Now I no longer wish for clothes but the ability to travel in the fall. And where do I want to go? "The city!" Again, What city?

Oh, I long to go to Pike's Market in Seattle; to stroll past the brownstones in north end of Manhattan; to have lunch at a real Japanese restaurant in the garment district (sake and all), and dinner in Little Italy; to walk along Lake Michigan in Chicago and enjoy the wind blowing through my hair; to tour ALL the museums in DC. I'd go the Wait, Wait show in Chicago on Thursday night, followed by the Chicago Symphony that weekend; I'd hit Broadway at night and MOMA during the day; I'd visit Dale Chihuly and beg him to let me spend the day with him, touring his workshop and losing myself in his incredible art; I'd hike through Mt. Rainier and revel in the fact that you can still play with the snow on the warmest of summer days; I'd have a picnic lunch in Olympia and watch the otters play; I'd walk the streets of Old Québec eating French onion soup and buying watercolors from local artists; I'd feed the pigeons in Trafalgar Square and just drink in the atmosphere that is London; I’d stay up late into the night, listening to the sweet sounds of a saxophone played beneath my window in San Francisco.

And to think of all the places I HAVEN'T been! Well, I suppose it's a good thing or I'd spend even more time missing them and longing to return.

But I do love Winston-Salem. And, unfortunately, because you're so always busy working and living in a place, sometimes its many attributes pass you by. Perhaps I will finally get to that concert I've been planning on for the past 10 years at the Stevens Center and finally get to see Robert Moody in action, or stroll down Trade Street next weekend to check out the local art. Maybe next year I’ll make it to at least one of the concerts in the park and take at least one cooking classes at the Stocked Pot. And what about that stained glass class and the watercolor class I never got to take at the Sawtooth Center?

You see, those are just a FEW of the things I haven’t yet done in my own hometown! Imagine if we had an eternity to live, all the places we could visit, all the friends we could make, all the tastes we could savor!!!

Love to all of you in all those far-away places! Grow where you're planted, but never lose your yearning for what’s beyond your own front door!!

So, to begin with.....

You know how some people have a lot to say about really important, life-changing, earth-shaking causes, events or agendas?  Well, I'm not one of them.  Loquacious I am; erudite I am not! 

My mind fills with images of places and things, people and foods, colors and smells.  I am not a writer, nor a poet, nor, perhaps, particularly interesting.  But I love people and love to listen and share.  Music is my passion; my instrument is my voice.  My brain switches from one language to another without any bidding from my consciousness, which can sometimes be confusing even for me.  So what do I want to share with you?  Myself. 

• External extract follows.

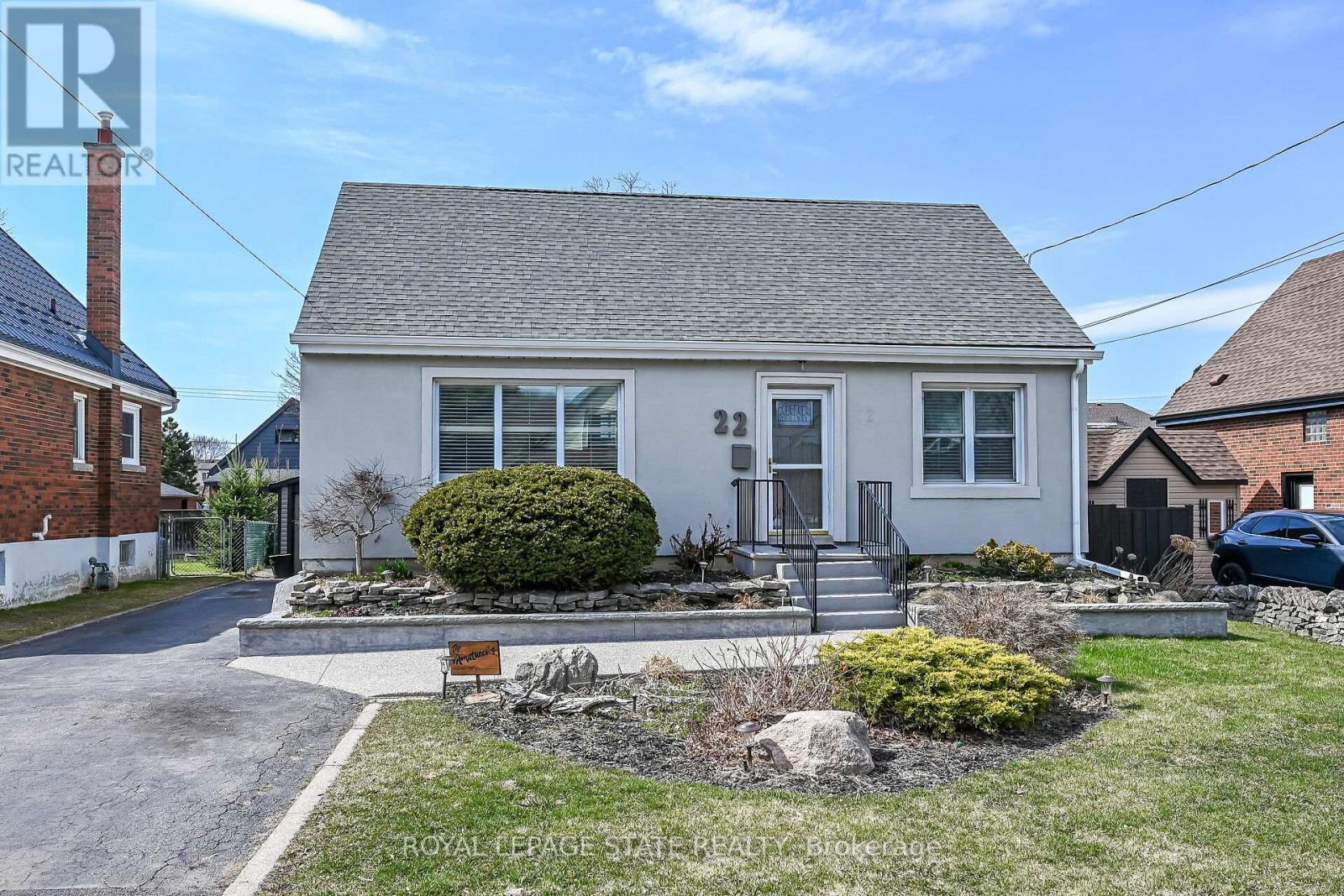 22 Marion Place, Hamilton, Ontario  L8G 1R7 - Photo 2 - X12973304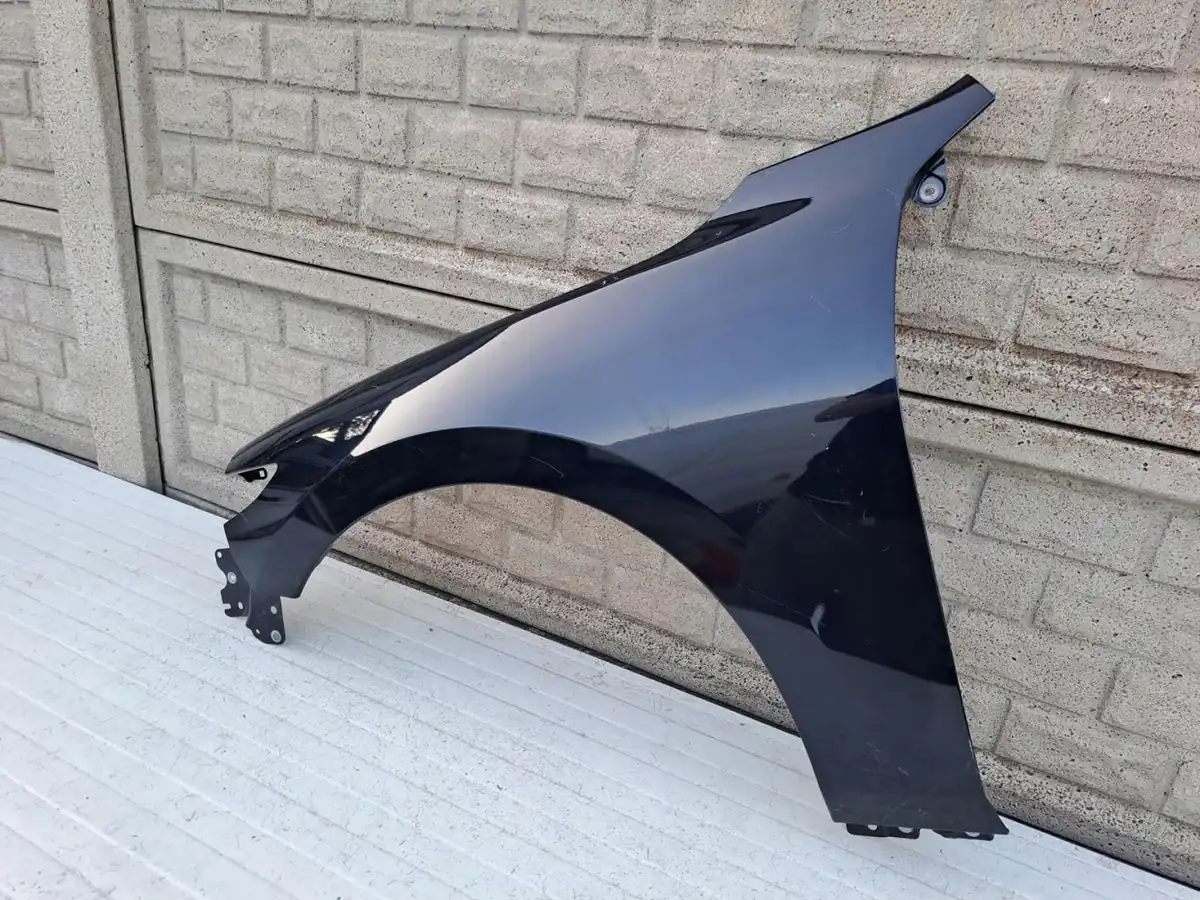 Aripa fata stanga Mazda Iii 3 2019 2024 Hb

Please feel free to join me as I wander through my mind.  Feel free to express yourselves as well!.  But whatever you do, keep it clean!  I have no need to clutter my happy, carefree mind with insults, slurs and cursing from the murky minds of those not so inclined as I.  So if you want to be uplifiting and share your life, talking about anything that amuses, befuddles or simply intrigues you, please share your thoughts with me (or, hopefully, us).

Welcome to my world, apples to oranges.  Come wander with me!